**TL;DR:** I’d like to estimate the causal effects of several student support programs on retention in college. I had originally planned to use propensity score (PS) matching plus regression, but am reconsidering after reading some of the threads here. Students select into various “treatments” that we hope will improve retention. All students are eligible for some of these (like on-campus housing or taking a first-year seminar (FYS) course), while selected sub-groups are eligible to apply for others (such as the Education Opportunity Program (EOP), for low-income and/or first generation students).

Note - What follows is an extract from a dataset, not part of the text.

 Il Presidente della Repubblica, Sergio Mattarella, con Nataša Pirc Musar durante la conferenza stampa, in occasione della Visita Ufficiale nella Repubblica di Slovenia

These programs likely also have complex causal relationships (e.g., EOP increases probability of taking a FYS).

Given the complex selection effects and causal chains, a single “kitchen sink” logistic regression model doesn’t seem like the path to credible causal inferences, while PS matching throws out most of the data and works with one outcome at a time. I’d appreciate your advice on other approaches I could take that might give me at least somewhat credible causal effect estimates for these treatments.

**Detailed background:** I work at a university and I’d like to evaluate the effectiveness of several student-support programs in promoting various outcomes, such as increases in retention, graduation, and grade-point average (GPA). The data are all observational. I initially was looking at propensity score (PS) matching followed by regression, to address selection effects and (hopefully) compare students in a given program with otherwise similar students who aren’t in the program. However, after reading some of Frank Harrell’s writings and various comment threads on this site (this one in particular), I’m, uh, less sanguine about my original plan.

The idea of PS methods, as far as I understand, is that by matching (or weighting, etc.) on known factors that (we presume) predict both selection into the treatment and the outcome, you’re also (hopefully) getting better balance on unmeasured/unknown factors as well, and therefore have a more credible claim to be measuring a *causal* effect of the treatment. But based on the discussions here and in Dr. Harrell’s BBR, multivariable regression, perhaps with the splined logit(PS) as an additional adjustment, is as good or better than matching (plus regression adjustment) for estimating the effect of a focal variable, because it uses *all* the data and therefore gives more precise estimates.

But that brings me back to the question of causality. I’d like to come up with credible estimates of causal effects. To make this concrete, let’s say I have data for cohorts of students who entered college from Fall 2015 through Fall 2022 (about 30,000 students total) and I’d like to estimate the causal effect of the following “treatments” on retention into the 3rd semester:

- Education Opportunity Program (EOP): Serves mainly, but not exclusively, students who are low income and/or first in their family to attend college. Students can apply to EOP at the same time they fill out their application to the university. About 6% (~200-250 students) of each entering class is in EOP. EOP students receive more intensive advising and academic support than non-EOP students
- First-year Seminar (FYS). Courses that focus on how to be a successful college student. 66% of EOP and 40% of non-EOP students take one of these courses. The fraction of students taking a FYS has declined over the last several years.
- On-campus housing. About 1/4 to 1/3 of incoming students live on campus their first year. Percentages have increased over time as we’ve added housing. Students who live in on-campus housing are several percentage points more likely to take a FYS.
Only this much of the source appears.